Buku lainnya yang cukup berpengaruh adalah karya Junus Salam, KH Ahmad Dahlan: Amal dan Perjuangannya. Karya Yusron Asrofi, Kyai Haji Ahmad Dahlan: Pemikiran dan Kepemimpinannya. Abdul Munir Mulkhan menulis Pemikiran KH Ahmad Dahlan dan Muhammadiyah Dalam Perspektif Perubahan Sosial. Buku Mulkhan lainnya Pesan dan Kisah Kiai Ahmad Dahlan. Ada juga karya Nur Khozin dan Isnudi, Adi Nugraha, Hery Sucipto, Imron Mustofa, hingga M Anwar Djaelani. Museum Kebangkitan Nasional Kemendikbud RI menerbitkan KH Ahmad Dahlan (1868-1923). Muncul juga novel biografi Kiai Dahlan karya Haidar Musyafa, Didik L Hariri, hingga Akmal Nasery Basral.
Keseluruhan buku itu banyak sisi tentang Kiai Dahlan sebagai sosok pembaharu. Kiai menyadari bahwa cita-citanya akan lebih berhasil ketika dijalankan secara bersama melalui wadah organisasi. Mendirikan organisasi Islam pembaharu di era masyarakat yang terpengaruh takhayul, bid’ah, dan khurafat, merupakan tantangan berat. Ia menjalankan agenda pemurnian dan sekaligus pembaharuan. Berlaku prinsip bagi pembaharu, awalnya dibenci tetapi diam-diam diikuti.

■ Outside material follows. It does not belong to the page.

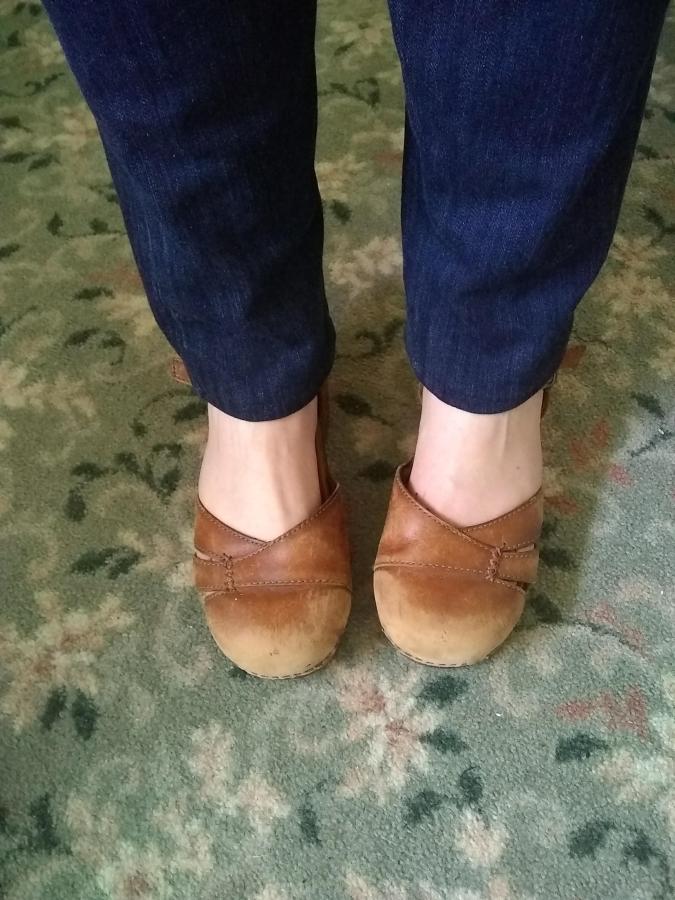 Closeup of woman's feet and ankles wearing dark jeans and brown leather clogs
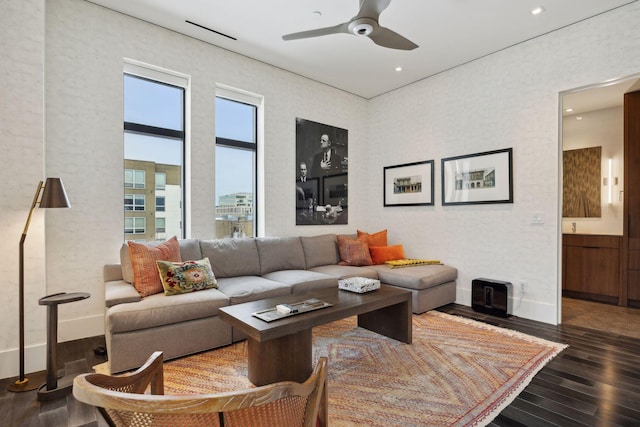 living room featuring ceiling fan and dark hardwood / wood-style floors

Berbeda dengan buku-buku yang sudah ada, karya Sukrianto AR ini juga menarasikan sisi lain Kiai Dahlan dalam kehidupan keluarga. Bahwa Kiai Dahlan merupakan produk dari suatu zaman yang memposisikan Kiai begitu tinggi, dan masyarakat merasakan bahwa memiliki garis keturunan kiai merupakan suatu cara mendapatkan kemuliaan.
Kiai Dahlan muda (20 tahun) menikahi Siti Walidah (16 tahun), sepupunya sendiri, anak kiai Penghulu Haji Fadhil, yang kelak dikenal dengan Nyai Ahmad Dahlan. Bersama Siti Walidah, Kiai Dahlan memiliki enam anak: Djohanah, Siradj Dahlan, Siti Busyro, Irfan Dahlan (Jumhan), Siti Aisyah, Siti Yuharoh (Zaharah).
Kemudian Kiai Dahlan menikahi Nyai Abdullah, janda H. Abdullah. Pernikahan ini diawali dengan keinginan Kiai Dahlan untuk menyebarkan dakwahnya di lingkungan Keraton. Keraton mengizinkan Kiai dengan syarat menikahi perempuan Keraton. Demi kepentingan dakwah, pernikahan ini dijalankan. Sejak itu, halangan dakwah dari abdi dalem hilang.
Kiai Dahlan juga menikah dengan Nyai Rum, adik kiai Munawwir Krapyak. Mulanya, Kiai Munawir tinggal di Kauman. Di Kauman ada banyak sekali kiai, Kiai Munawir disarankan oleh Habib Said Syagaf untuk pindah ke Krapyak. Guna tetap menjaga hubungan baik kiai Kauman dan kiai Krapyak, Kiai Dahlan diminta untuk menikahi Nyai Rum.